Defined rntm_t to relocate cntx_t.thrloop (#235).

Details:
- Defined a new struct datatype, rntm_t (runtime), to house the thrloop
  field of the cntx_t (context). The thrloop array holds the number of
  ways of parallelism (thread "splits") to extract per level-3
  algorithmic loop until those values can be used to create a
  corresponding node in the thread control tree (thrinfo_t structure),
  which (for any given level-3 invocation) usually happens by the time
  the macrokernel is called for the first time.
- Relocating the thrloop from the cntx_t remedies a thread-safety issue
  when invoking level-3 operations from two or more application threads.
  The race condition existed because the cntx_t, a pointer to which is
  usually queried from the global kernel structure (gks), is supposed to
  be a read-only. However, the previous code would write to the cntx_t's
  thrloop field *after* it had been queried, thus violating its read-only
  status. In practice, this would not cause a problem when a sequential
  application made a multithreaded call to BLIS, nor when two or more
  application threads used the same parallelization scheme when calling
  BLIS, because in either case all application theads would be using
  the same ways of parallelism for each loop. The true effects of the
  race condition were limited to situations where two or more application
  theads used *different* parallelization schemes for any given level-3
  call.
- In remedying the above race condition, the application or calling
  library can now specify the parallelization scheme on a per-call basis.
  All that is required is that the thread encode its request for
  parallelism into the rntm_t struct prior to passing the address of the
  rntm_t to one of the expert interfaces of either the typed or object
  APIs. This allows, for example, one application thread to extract 4-way
  parallelism from a call to gemm while another application thread
  requests 2-way parallelism. Or, two threads could each request 4-way
  parallelism, but from different loops.
- A rntm_t* parameter has been added to the function signatures of most
  of the level-3 implementation stack (with the most notable exception
  being packm) as well as all level-1v, -1d, -1f, -1m, and -2 expert
  APIs. (A few internal functions gained the rntm_t* parameter even
  though they currently have no use for it, such as bli_l3_packm().)
  This required some internal calls to some of those functions to
  be updated since BLIS was already using those operations internally
  via the expert interfaces. For situations where a rntm_t object is
  not available, such as within packm/unpackm implementations, NULL is
  passed in to the relevant expert interfaces. This is acceptable for
  now since parallelism is not obtained for non-level-3 operations.

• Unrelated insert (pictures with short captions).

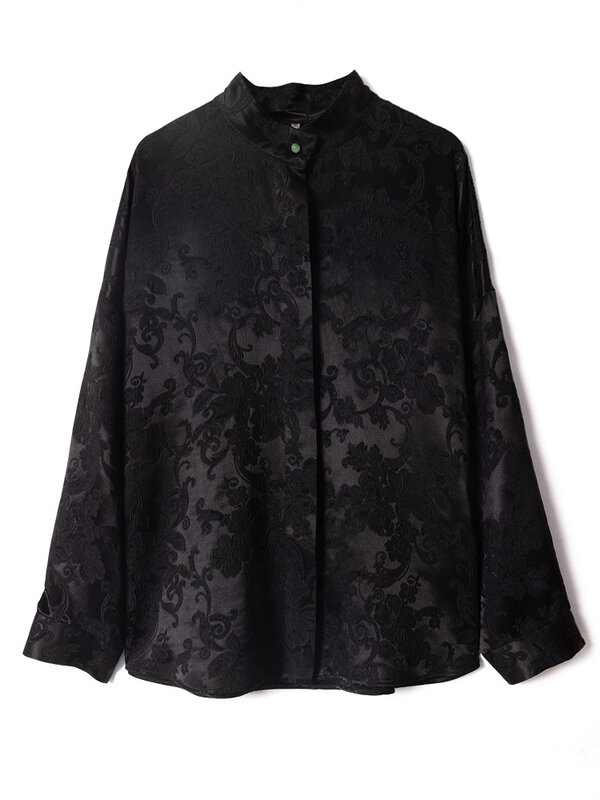 Camisa de escritório feminina estampada em relevo preto, camisa manga comprida, 48.8% seda amoreira natural, 48.2% planta, nova moda, 2024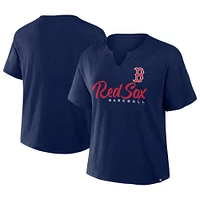 Women's Profile  Navy Boston Red Sox Plus Wordmark Notch Neck T-Shirt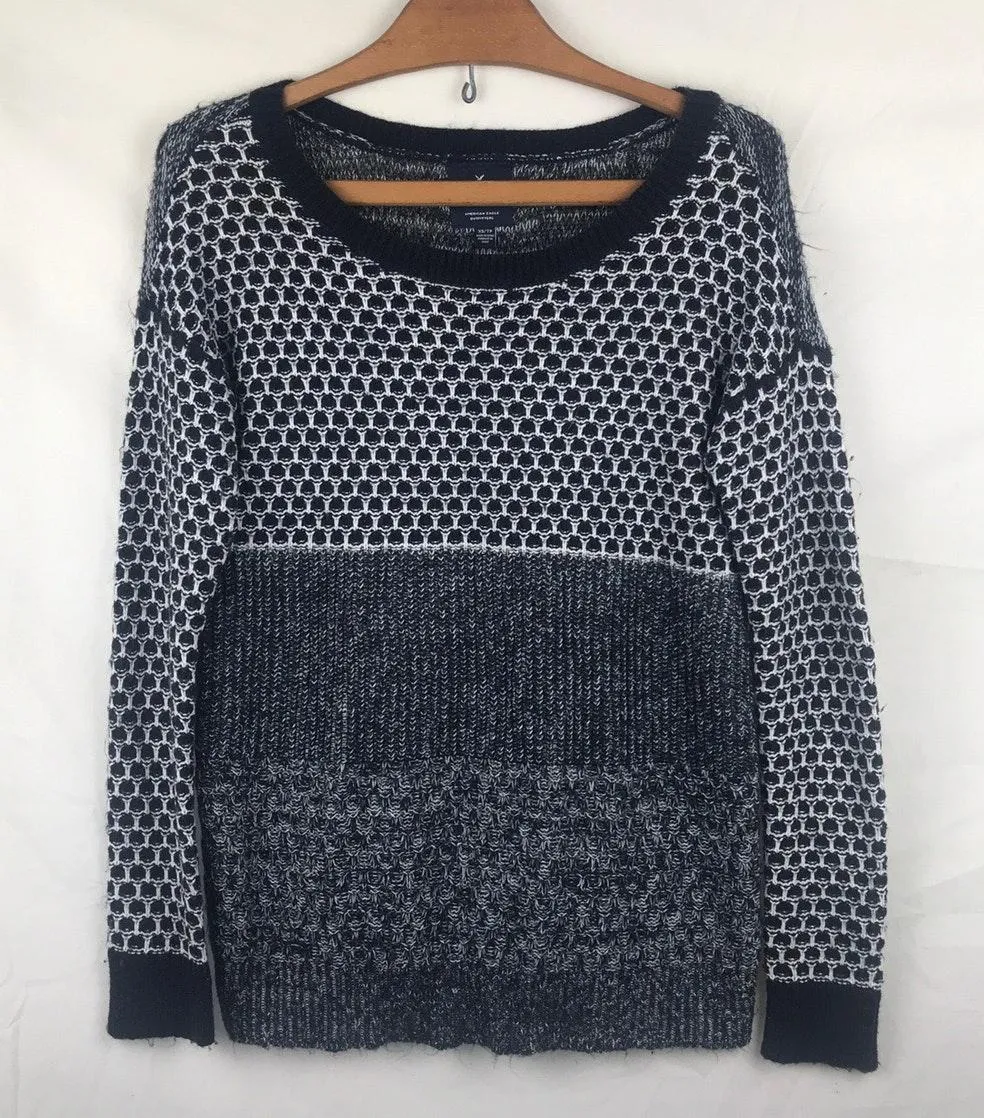American Eagle Gray & Black Vintage Boyfriend Sweater - Image 2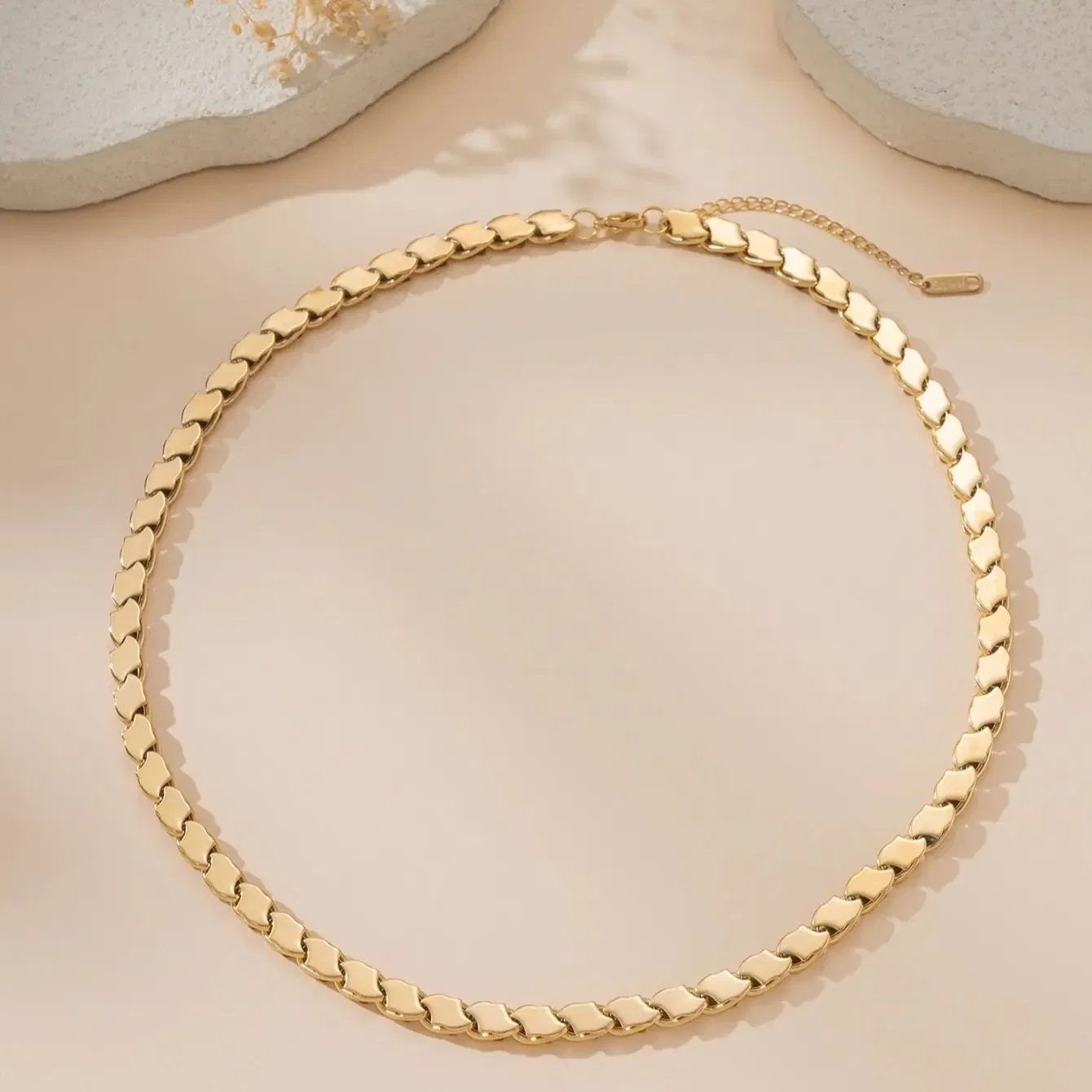 Metal Color: Light Yellow Gold Color, Length: 50cm - Unisex Stainless Steel Gold Plated Chain Necklace Trendy Middle East Arabic Jewelry Accessory for Men And Women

- Revamped how global parallelism is encoded. First, the conventional
  environment variables such as BLIS_NUM_THREADS and BLIS_*_NT  are only
  read once, at library initialization. (Thanks to Nathaniel Smith for
  suggesting this to avoid repeated calls getenv(), which can be slow.)
  Those values are recorded to a global rntm_t object. Public APIs, in
  bli_thread.c, are still available to get/set these values from the
  global rntm_t, though now the "set" functions have additional logic
  to ensure that the values are set in a synchronous manner via a mutex.

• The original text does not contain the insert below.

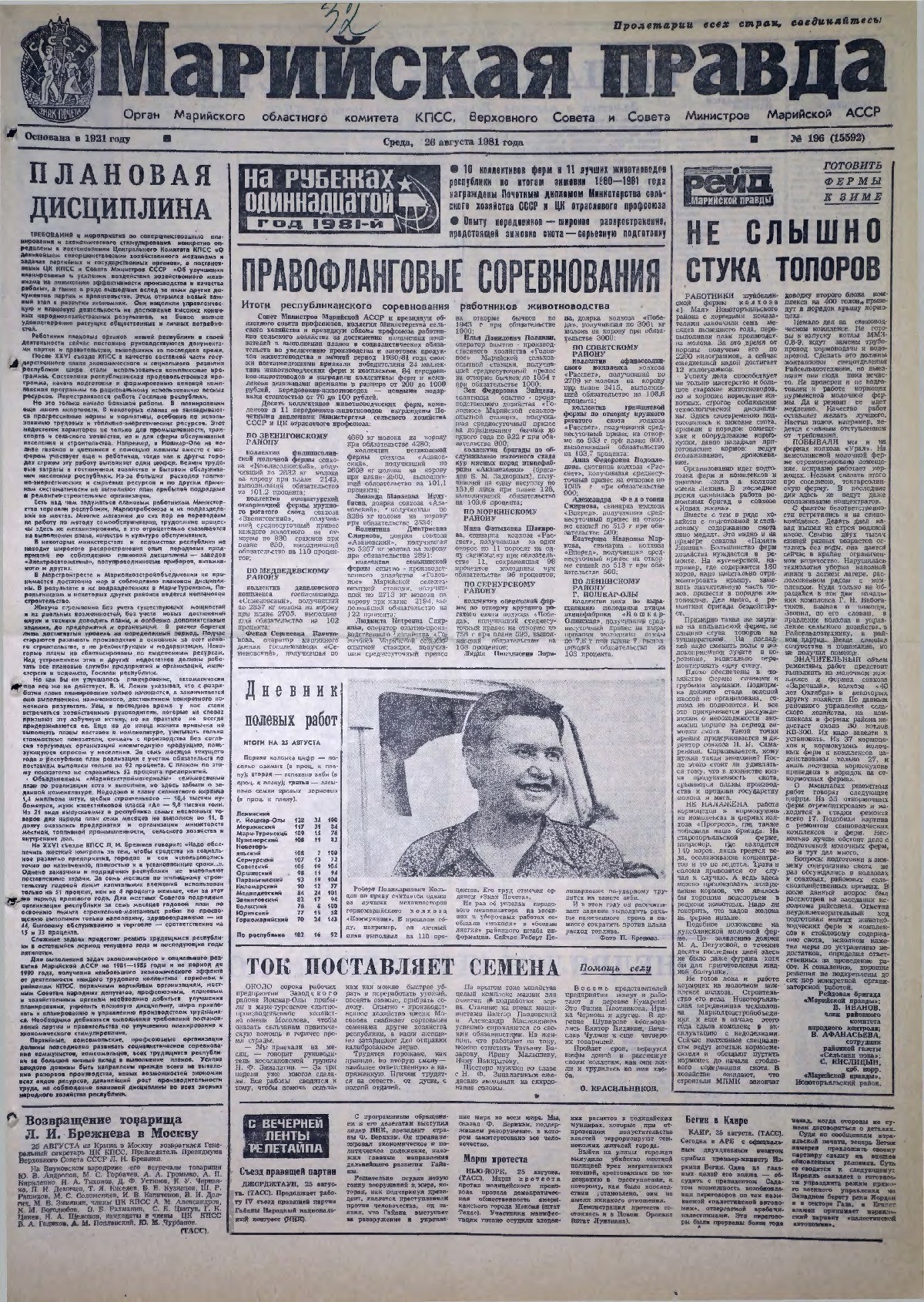 Газета «Марийская правда» от 26.08.1981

  If/when NULL is passed into an expert API (meaning the user opted to
  not provide a custom rntm_t), the values from the global rntm_t are
  copied to a local rntm_t, which is then passed down the function stack.
  Calling a basic API is equivalent to calling the expert APIs with NULL
  for the cntx and rntm parameters, which means the semantic behavior of
  these basic APIs (vis-a-vis multithreading) is unchanged from before.
- Renamed bli_cntx_set_thrloop_from_env() to bli_rntm_set_ways_for_op()
  and reimplemented, with the function now being able to treat the
  incoming rntm_t in a manner agnostic to its origin--whether it came
  from the application or is an internal copy of the global rntm_t.
- Removed various global runtime APIs for setting the number of ways of
  parallelism for individual loops (e.g. bli_thread_set_*_nt()) as well
  as the corresponding "get" functions. The new model simplifies these
  interfaces so that one must either set the total number of threads, OR
  set all of the ways of parallelism for each loop simultaneously (in a
  single function call).
- Updated sandbox/ref99 according to above changes.
- Rewrote/augmented docs/Multithreading.md to document the three methods
  (and two specific ways within each method) of requesting parallelism
  in BLIS.
- Removed old, disabled code from bli_l3_thrinfo.c.
- Whitespace changes to code (e.g. bli_obj.c) and docs/BuildSystem.md.
This commit is contained in:
Field G. Van Zee
2018-07-17 18:37:32 -05:00
parent 323eaaab99
commit ecbebe7c2e
177 changed files with 2210 additions and 1166 deletions

View File

@@ -1,64 +1,83 @@
## Contents
# Contents
* **[Contents](Multithreading.md#contents)**
* **[Introduction](Multithreading.md#introduction)**
* **[Enabling multithreading](Multithreading.md#enabling-multithreading)**
* **[Specifying multithreading](Multithreading.md#specifying-multithreading)**
* [The automatic way](Multithreading.md#the-automatic-way)
* [The manual way](Multithreading.md#the-manual-way)
* [Globally via environment variables](Multithreading.md#globally-via-environment-variables)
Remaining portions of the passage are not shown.